What’s added to the drama is the fact that there were words—often very colorful ones—to accompany the images. A Mob soundtrack, if you will. Because not only was Philadelphia’s one of the most dysfunctional Mob families in America; it was also one of the most recorded.
From 1990 through the Ligambi investigation that ended in 2011, there was always someone being tape-recorded. Phone taps, room bugs and body wires offered juicy dialogue that helped prosecutors build airtight cases. Any defense attorney will tell you: You can’t cross-examine a tape.
Over the years, those tapes have provided us with priceless words of—dare we call it wisdom? At minimum, they’ve offered an unvarnished look at our mobsters. And so we’ve had:
- John Stanfa telling an associate how he wanted to kill a rival: “I’ll get a knife. … I’ll cut out his tongue and we’ll send it to the wife. … That’s all. We put it in an envelope. Put a stamp on it.”
- Salvatore Profaci counseling against a civil suit in a Mob-linked dispute over a trash company: “Goodfellas don’t sue goodfellas. Goodfellas kill goodfellas.”
- Louis Fazzini, in a tape played during the Ligambi trial, complaining that the younger generation has forgotten what Cosa Nostra stands for: “Guys made it about money. … It’s about friends. … Brotherhood.”
And violence. I know, because John Stanfa wanted to take me out.
He told Sergio Battaglia, a young aspiring hit man, to get some hand grenades, find out where I lived, and throw them through my window.
This was in the early 1990s. I had been writing extensively about the Stanfa organization and its war with the Merlino faction. It was, in my estimation, a clash of cultures. Stanfa, born and raised in Sicily, couldn’t abide Merlino and the young corner-boy gangsters who comprised his crew. He called them the “little Americans,” said they had no concept of what it meant to be Mafiosi.
Merlino, in turn, saw Stanfa as an interloper. He and his crew called the old man “the greaseball.” Their battle was described best by a defense attorney who’d been following my accounts of the botched hits and bungled kidnappings that seemed to unfold on a daily basis. “Goodfellas?” he said. “How about Dumbfellas?”
Stanfa apparently didn’t like my stories.
I didn’t know about the contract until Battaglia began cooperating with the feds after he was convicted with Stanfa in a 1995 RICO case. One day he called me from prison to let me know that “some stuff” was going to come out—about me. Then he told me the story. “It was nothing personal,” he said.
I told him I had a wife and two kids and that a hand grenade through the window would have been very personal.
He didn’t see it that way. Anyway, he said, “By the time we got the grenades, we were so caught up in the war with Merlino we stopped looking for you.”
For one of the few times in my career, I was at a loss for words. What do you say to a guy who admits he was plotting to kill you?
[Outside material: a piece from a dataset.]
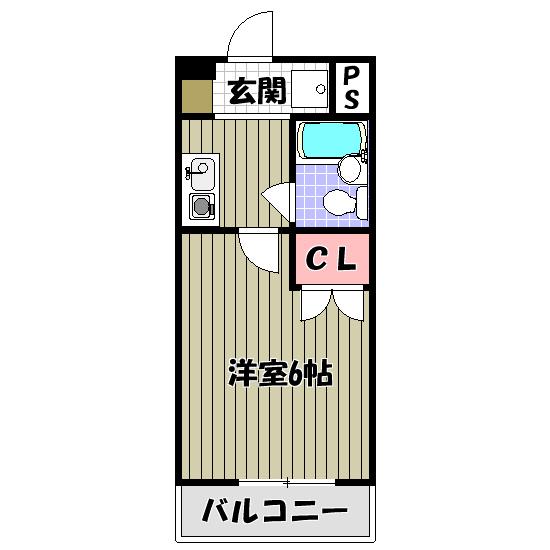 フェリース大美野(1K/3階)の間取り写真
Over three decades, I just tried to get it right without worrying about anyone’s feelings. The story, over the years, has been rich and, from a writer’s perspective, full of character and pathos and emotion.
Readers were invested. The Philadelphia Mob was an institution, like the Mummers or the Phillies. Not everyone understood or cared, but those that did couldn’t get enough.
As a writer, I’ve benefitted from this. Americans have always been fascinated by the outlaw: Billy the Kid, Jesse James, Al Capone, Vito Corleone. Something in our psyche is drawn to the rogue, the individualist who operates outside the law. Philadelphia also has a soft spot for the street-corner scuffler who never quite makes it, like Rocky.
I think of all of this each day at the Ligambi trial.
As I usually do, I sit in the media section, in the first row behind the defense and prosecution teams. Behind me sit the friends and family members of the defendants, offering critiques and commentary, not only about the witnesses and testimony, but also about my reporting.
“Get it right.”
“Tell the truth.”
“You’re an asshole.”
I think of Michael Taccetta.
It comes with the territory.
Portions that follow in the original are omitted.